“The weight savings possible from the use of alternative materials are very tempting—as much as 25% in some areas of transmission and driveline design. But there are pitfalls waiting to trap the unwary,” warns Mark Findlay, Managing Director of Drive System Design (DSD), a U.K.-based engineering consultancy.
Cutting CO2 emissions by reducing vehicle weight has what he terms “inevitable consequences” for the strength and stiffness of the systems and structures affected.
“For example, the use of aluminum means that any noise generated by the driveline is more easily transmitted. This can result in the need to add weight back into the driveline in the form of heavy mass damper solutions to reduce the levels of excitation and response,” he said.

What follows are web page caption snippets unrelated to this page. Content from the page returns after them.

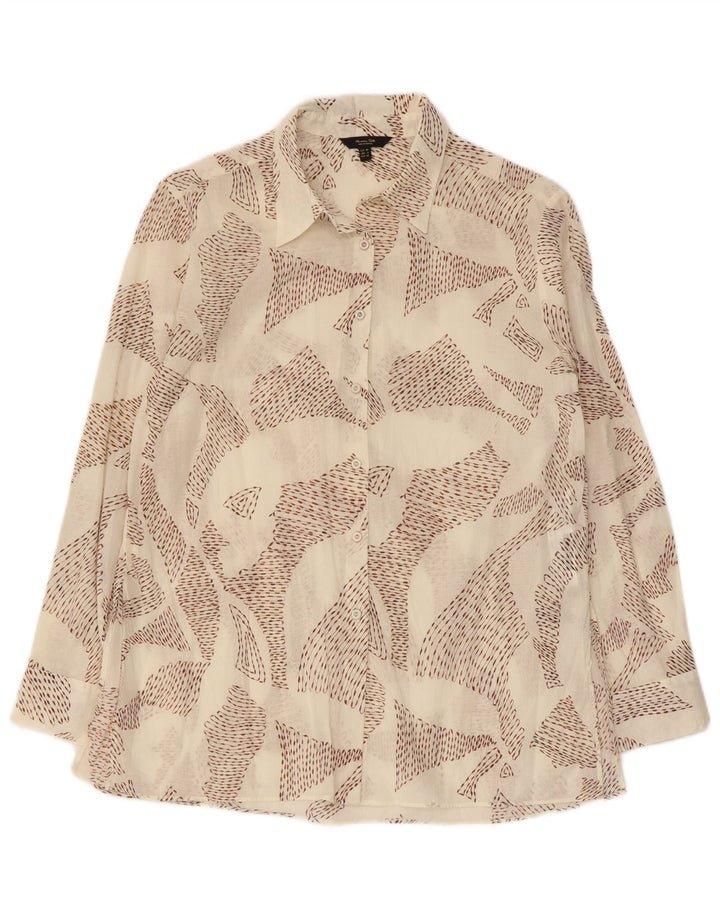 Cămașă pentru femei Massimo Dutti cu model abstract EU 38 Bumbac alb mic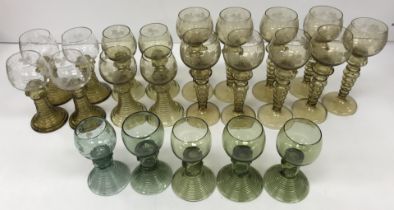 A set of three German glass roemers in g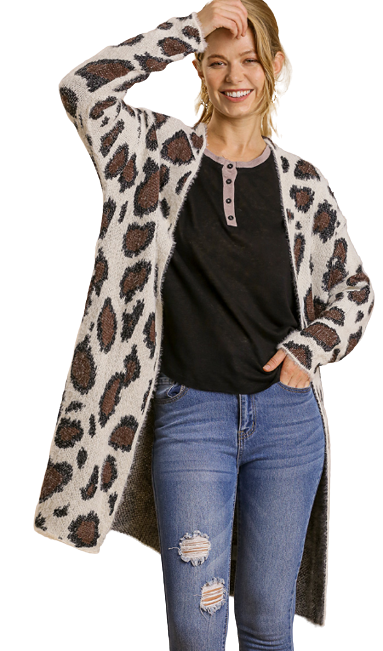 Animal Print Long Sleeve Fuzzy Cardigan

And the larger-scale integration of carbon fiber into structures could create even worse issues, he believes. He said that if the use of carbon fiber construction becomes more mainstream rather than predominantly for supercars (such as in BMW's 2014 i3 hybrid and EV), noise transmission will become an even greater challenge due to the high stiffness of the material and its lack of damping.
Harmonic issues arise
Findlay noted that fundamental conflict exists between weight reduction and refinement because mass is a key parameter in the dynamics of any system. “Using lighter materials with higher strength-to-weight ratios to produce designs with higher power density often changes the inherent damping, the local loading conditions, and the resonant frequencies of the assembly,” he explained.

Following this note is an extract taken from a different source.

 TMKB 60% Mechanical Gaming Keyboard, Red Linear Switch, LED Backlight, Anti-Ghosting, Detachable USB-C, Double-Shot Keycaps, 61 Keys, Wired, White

Although these challenges are generally understood by an auto industry well versed in the need to reduce mass, Findlay believes that if not implemented carefully, lightweighting strategies can still lead to NVH issues that are potentially difficult to eradicate because they arise from complex system interactions.
Thinner-viscosity oils and some types of low-friction bearings cut parasitic losses, but they also reduce system damping. Replacing ferrous casings with lighter materials introduces differential expansion when temperatures rise, affecting preloads, backlash, and running clearances, and the change in heat transfer properties between older, familiar materials and newer alternatives can affect heat rejection rates and local temperature gradients.

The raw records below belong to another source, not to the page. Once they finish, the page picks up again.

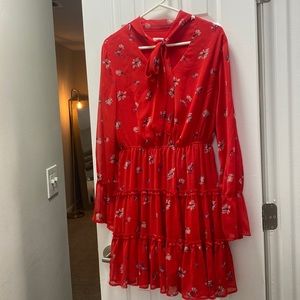 Flattering red midi dress, super fun and flattering!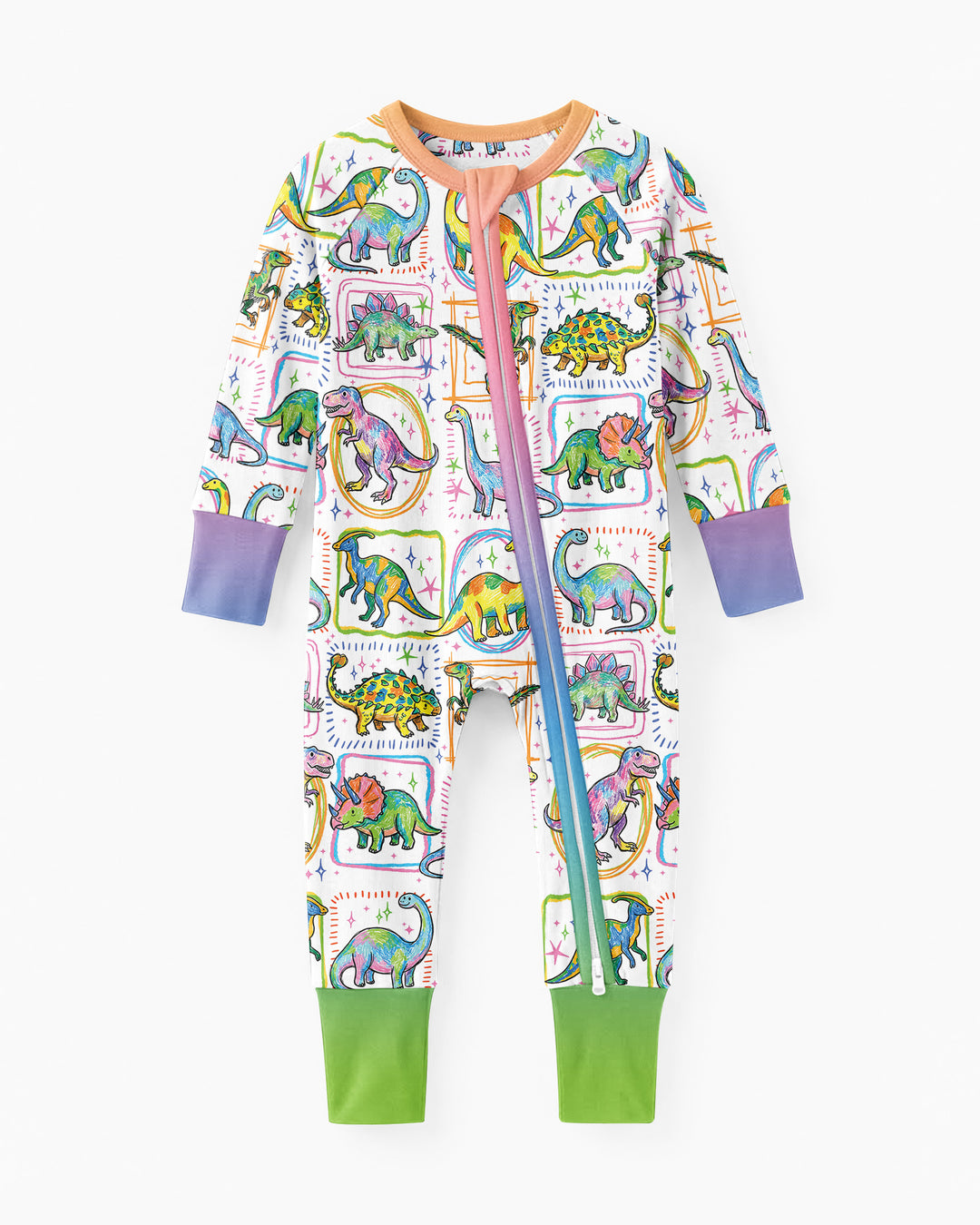 Dinosaur Colorful Stamps Bamboo Convertible Zippy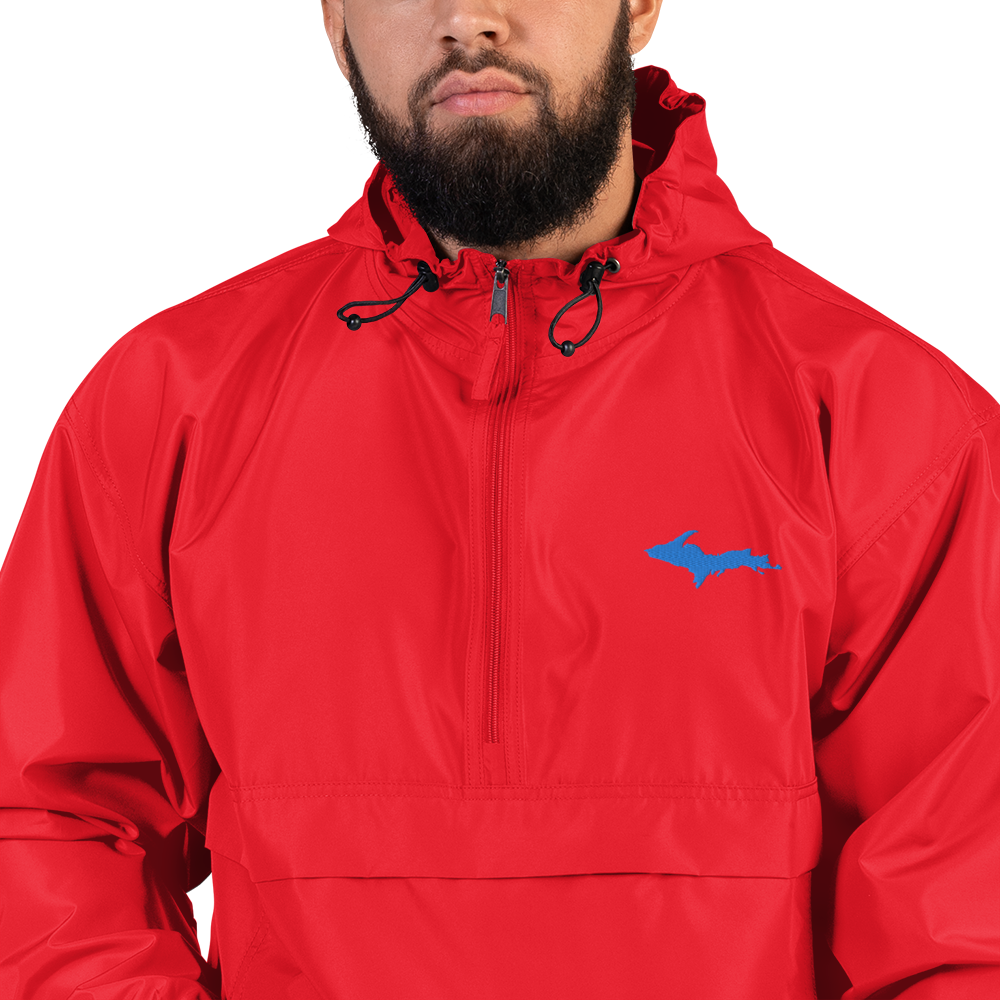 Michigan Upper Peninsula Packable Wind & Rain Jacket (w/ Azure UP Outline)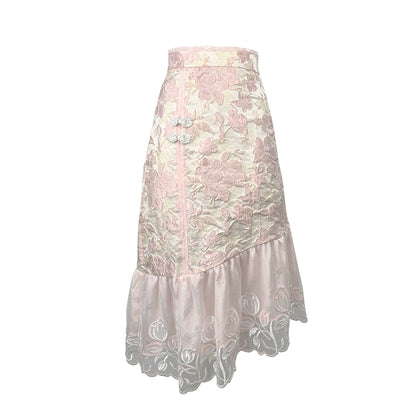 Pink Jacquard Bow Top Top Half Skirt Mesh Mesh Slute Original Summer Salt Style Street Street Set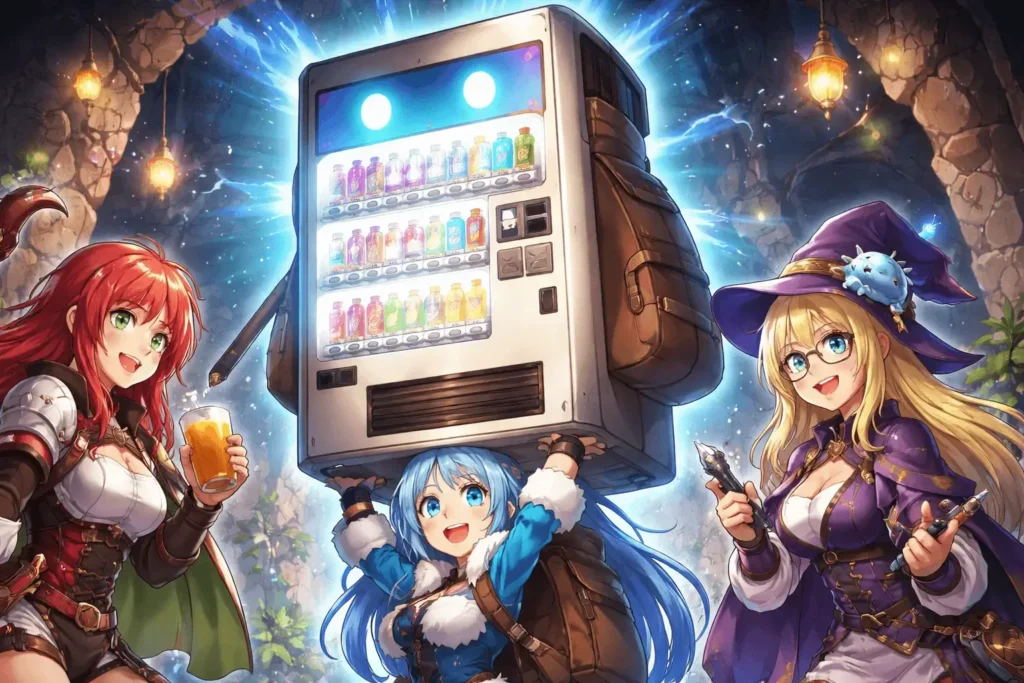 Máquina de vendas mágica sendo carregada por aventureira em dungeon com energia brilhante e cenário fantástico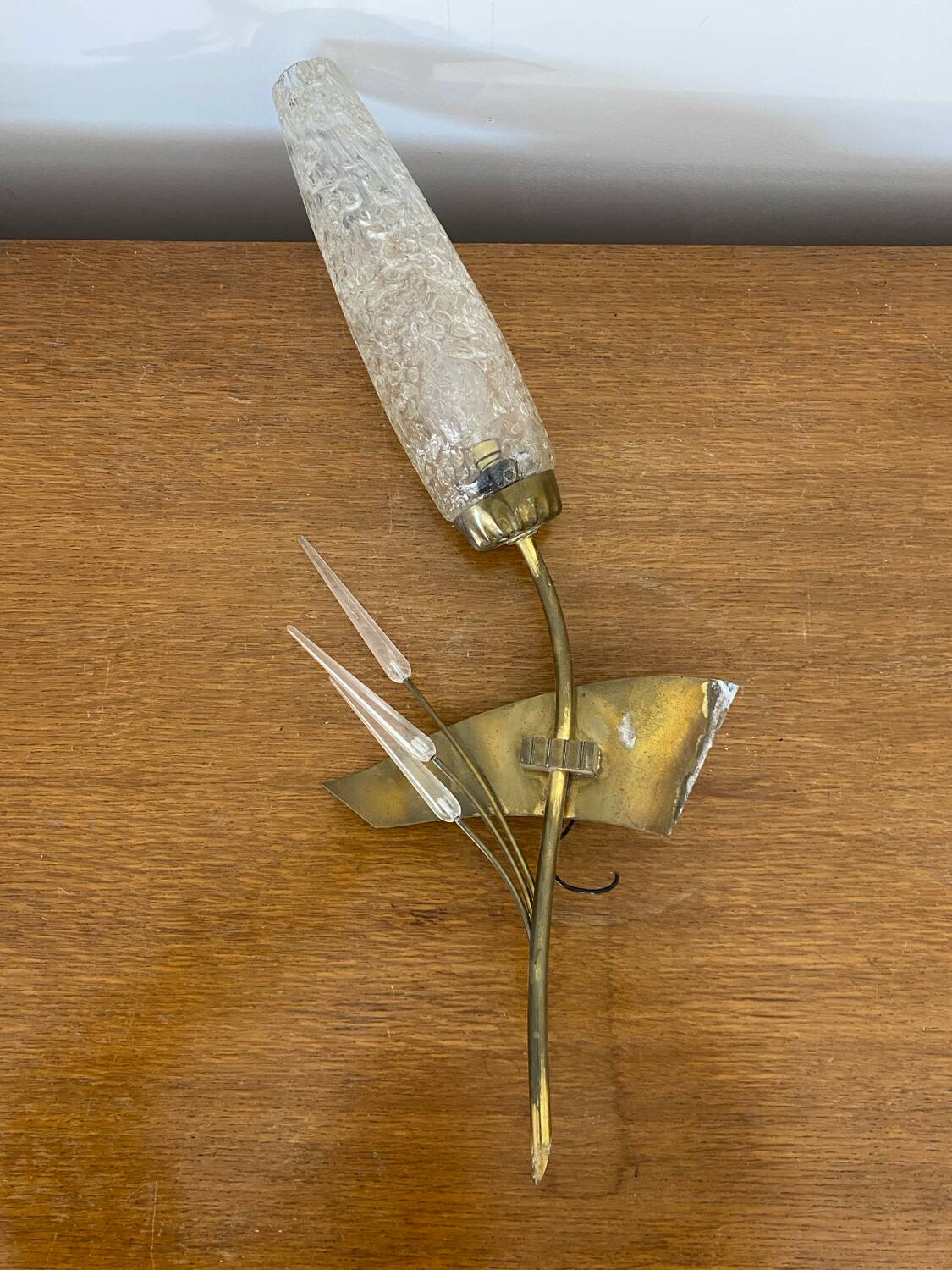 Antique wall lamp  brass + vintage glass tulip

DSD specializes in the design and development of mechanical transmission systems and design of vehicle chassis systems within the motorsport, renewable energy, and hybrid/electric vehicle sectors. The company's engineers are currently investigating the design of driveline components specifically to meet the particular requirements that new lightweight vehicles have created.
Findlay regards the latest computer modeling techniques as allowing greater insight into system interactions, enabling critical modes and frequencies to be identified and appropriate action taken. He is also aware of a growing realization in the auto industry that the need to save weight must be linked with the resultant effect on the outputs of established vehicle systems. This is generating a new way of thinking about the way in which geared drives are designed, placing the focus more on system integration and the dynamic interrelationship with the surrounding vehicle structure.
DSD’s technical director, Alex Tylee-Birdsall, also underlines the NVH challenges of weight saving for EV drivelines because of the vehicles’ low cabin noise levels.
“The range of an EV is affected by its efficiency, and the common measures to improve that efficiency, such as cutting friction and making components lighter, reduce the damping in the system," he said. "Achieving satisfactory refinement levels requires a thorough understanding of the interactions between different frequencies and the various damping factors involved.”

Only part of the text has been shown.